There are two songs that I want to talk about. The first one is Voice to the Willing, which is a great opening track because it tears apart the assumption that these guys are “just another metalcore band that uses ultra-simple breakdowns”. Once the intro builds up, you get the feel of the tempo and right when you start banging your head to the breakdown, you realize that the complexity of the tempo is actually really high. So just the fact that they came up with something interesting like that made me smile. And right after that, you’re met with that guy’s tranquilizing singing voice that should not EVER leave this band’s music. About halfway through the song is probably the most interesting and catchy breakdowns on the entire record. You’re knocked off your feet with the extremely heavy downbeats with semimelodic (but not technical) lead guitar licks that sound AMAZING. The other song I want to talk about is my favorite off the record, The Critic. This is where the best singing is; the beginning of the song has a driving bass line and frilly guitars and of course, that singing that I can’t keep my mind off of! Now there aren’t very many other breakdowns that release even half as much anger as this one does. When I mean this one, I mean what attacks you right after the beautiful introduction.
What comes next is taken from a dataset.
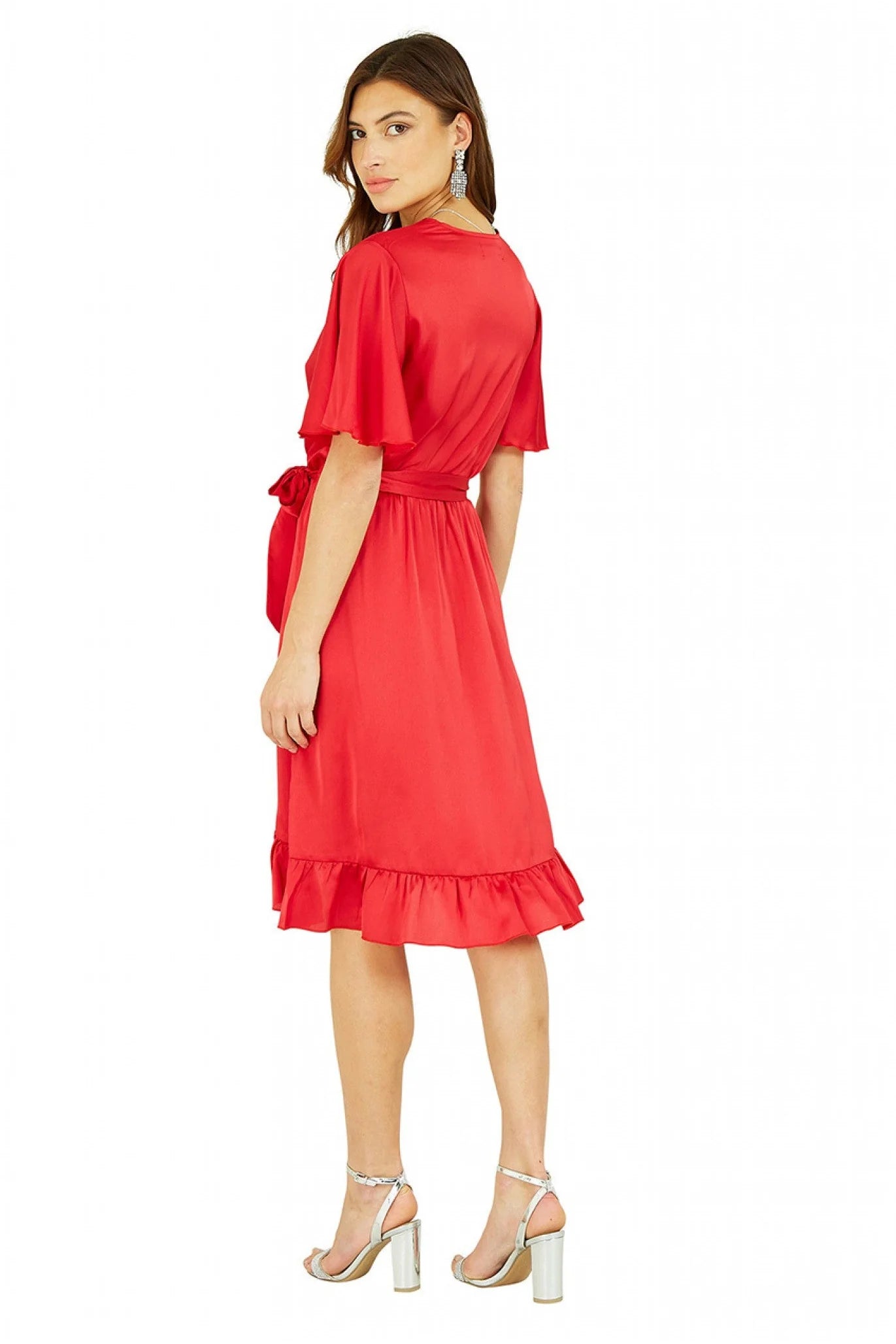 Mela London Satin Wrap Dress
This is by no means an amazing release. BUT, this is EXACTLY what I wanted to hear out of these guys…why? Because if a band’s first album is virtually flawless, it doesn’t leave very much room for improvement (and usually doesn’t end up in improvement). So I actually couldn’t ask for any more than what these guys have given me right here, which is an imperfect, but strong album to keep me looking forward to an even stronger release. This is a very strong debut release and will always have a place in my CD collection. I would give this 14/20; not for having flaws, but for having plenty of room for improvement and growth. But that means that I’m going to have some high expectations for their sophomore follow-up.